» YOUR OBJECTIVE:
Quote the entries word for word. Omit the pictures.

___

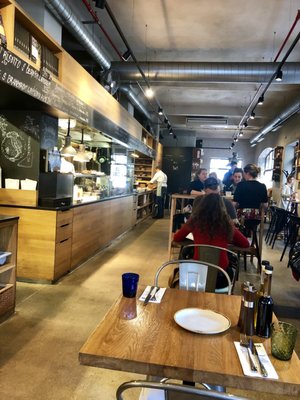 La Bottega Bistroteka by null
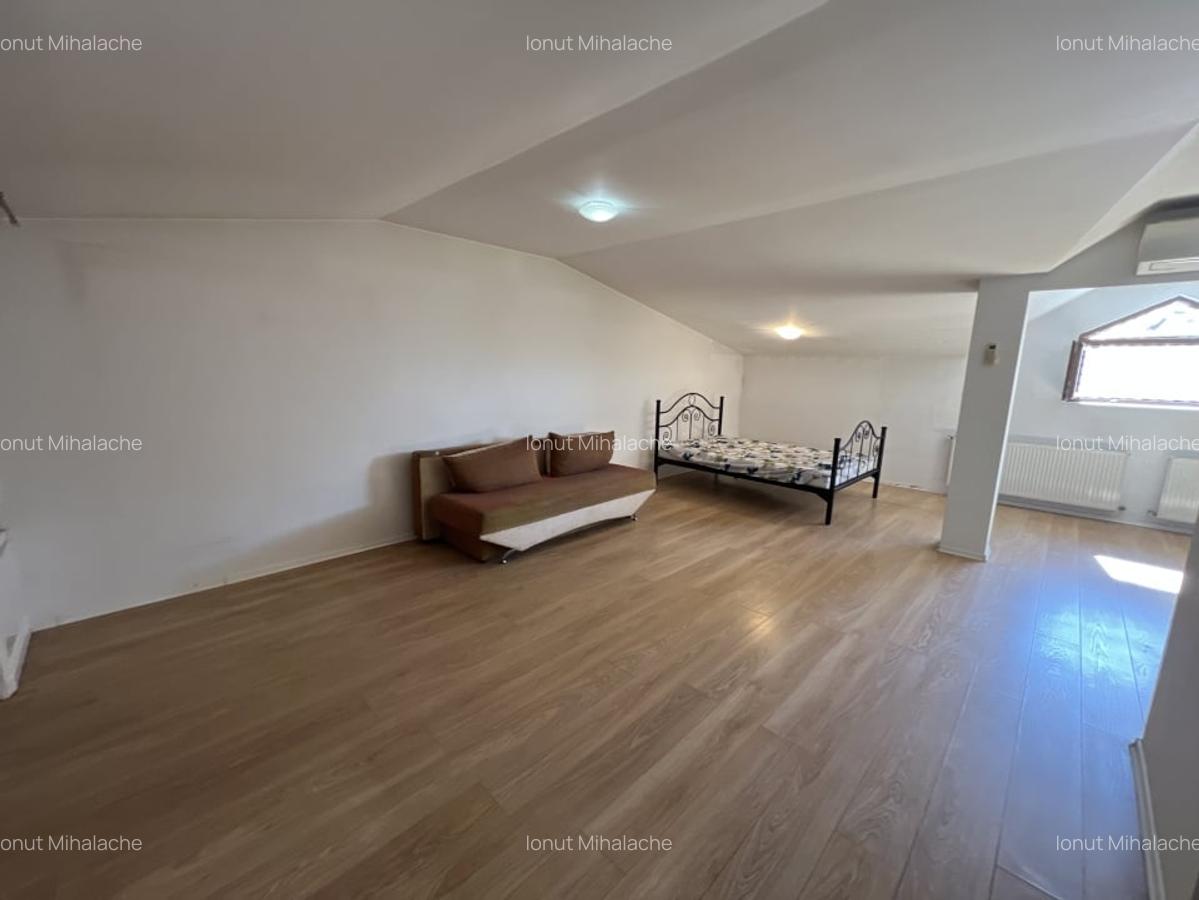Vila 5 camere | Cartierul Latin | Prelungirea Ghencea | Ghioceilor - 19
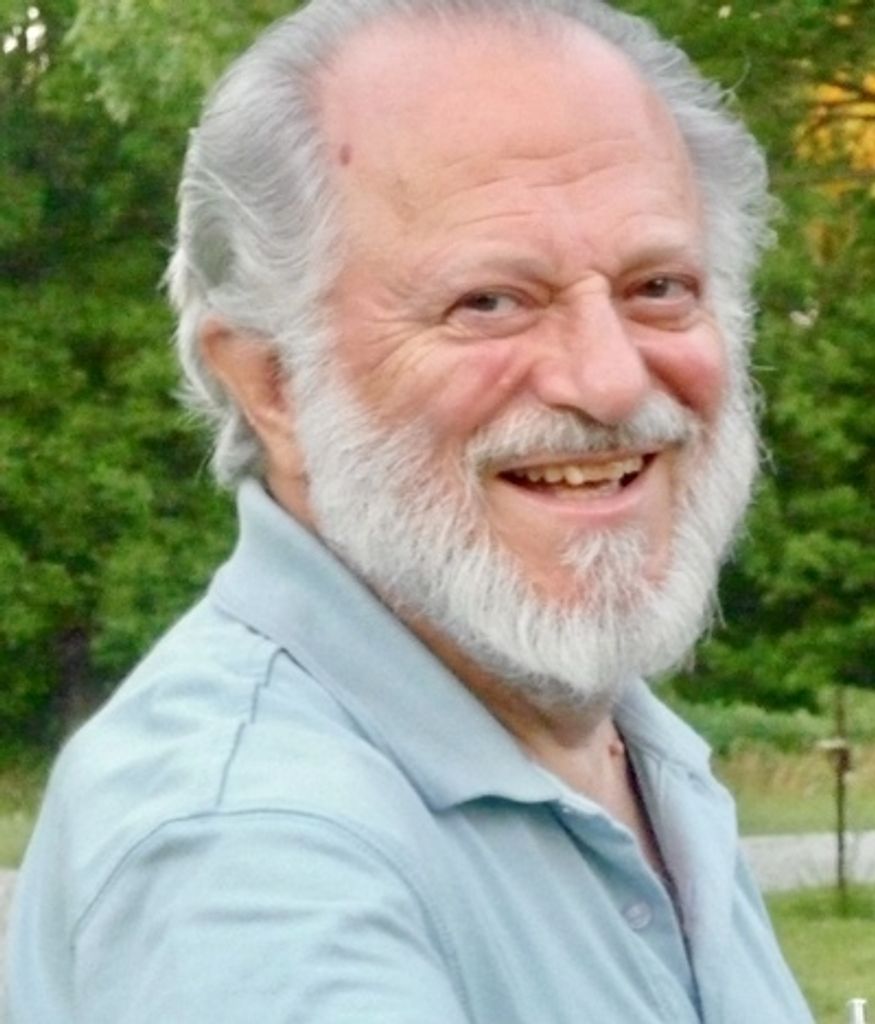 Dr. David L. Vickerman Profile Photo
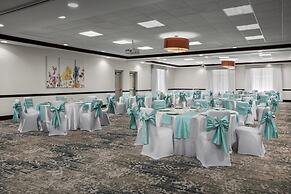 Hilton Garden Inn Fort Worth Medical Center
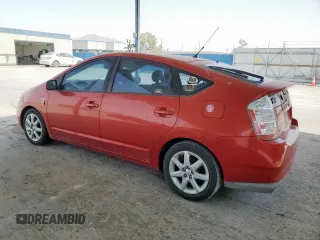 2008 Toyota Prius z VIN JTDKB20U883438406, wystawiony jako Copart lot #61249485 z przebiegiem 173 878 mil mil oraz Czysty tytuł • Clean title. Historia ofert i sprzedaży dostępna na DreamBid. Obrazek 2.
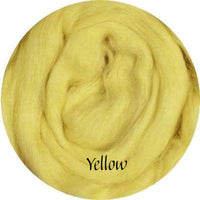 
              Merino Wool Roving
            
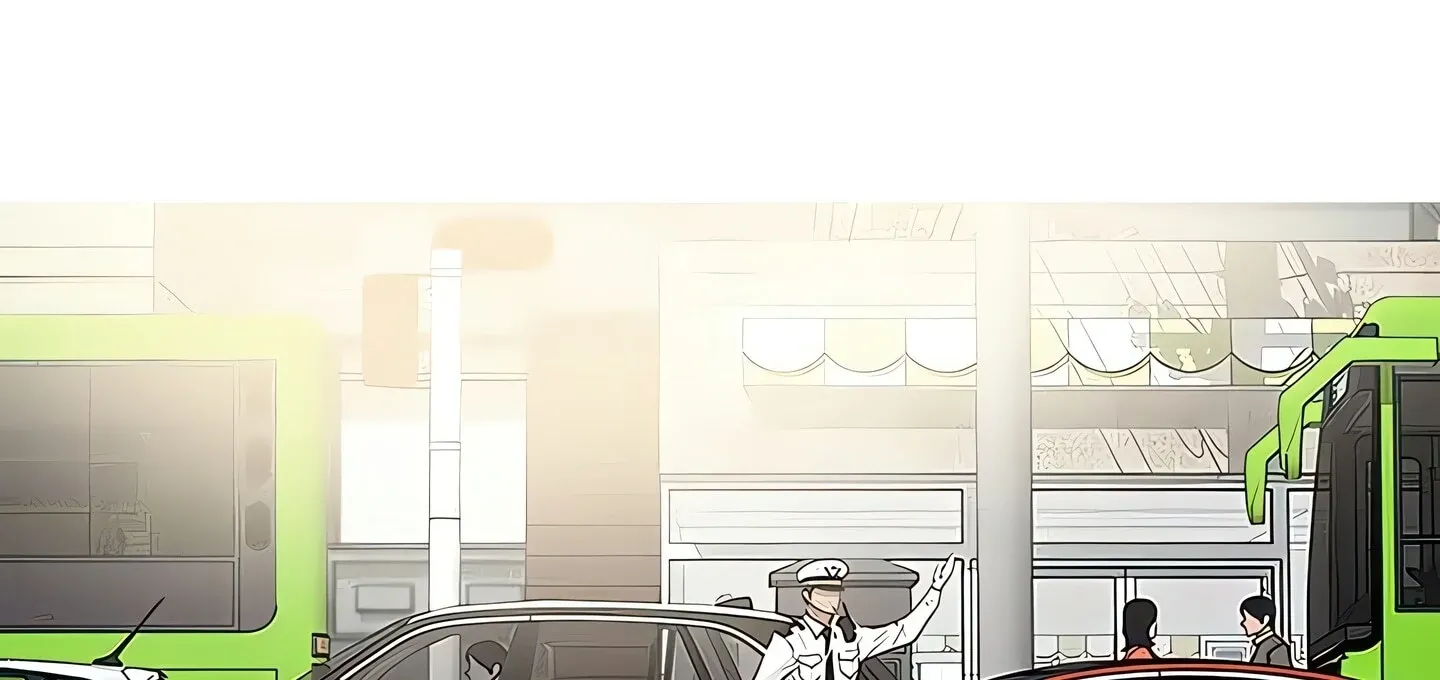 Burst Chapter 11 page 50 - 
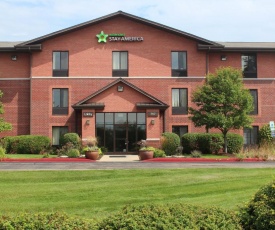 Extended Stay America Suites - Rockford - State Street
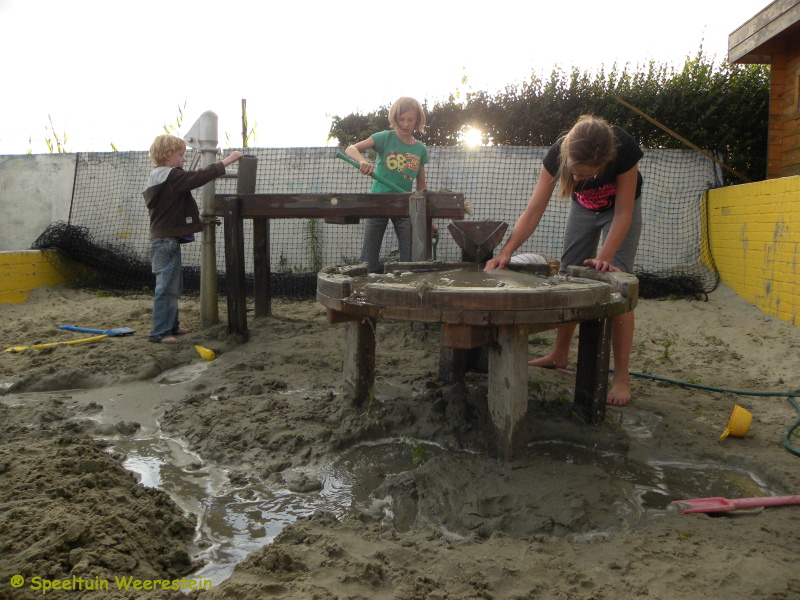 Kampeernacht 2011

___

» SOLUTION TO THIS PROBLEM:
 La Bottega Bistroteka by null
Vila 5 camere | Cartierul Latin | Prelungirea Ghencea | Ghioceilor - 19
 Dr. David L. Vickerman Profile Photo
 Hilton Garden Inn Fort Worth Medical Center
 2008 Toyota Prius z VIN JTDKB20U883438406, wystawiony jako Copart lot #61249485 z przebiegiem 173 878 mil mil oraz Czysty tytuł • Clean title. Historia ofert i sprzedaży dostępna na DreamBid. Obrazek 2.
              Merino Wool Roving
            
 Burst Chapter 11 page 50 - 
 Extended Stay America Suites - Rockford - State Street
 Kampeernacht 2011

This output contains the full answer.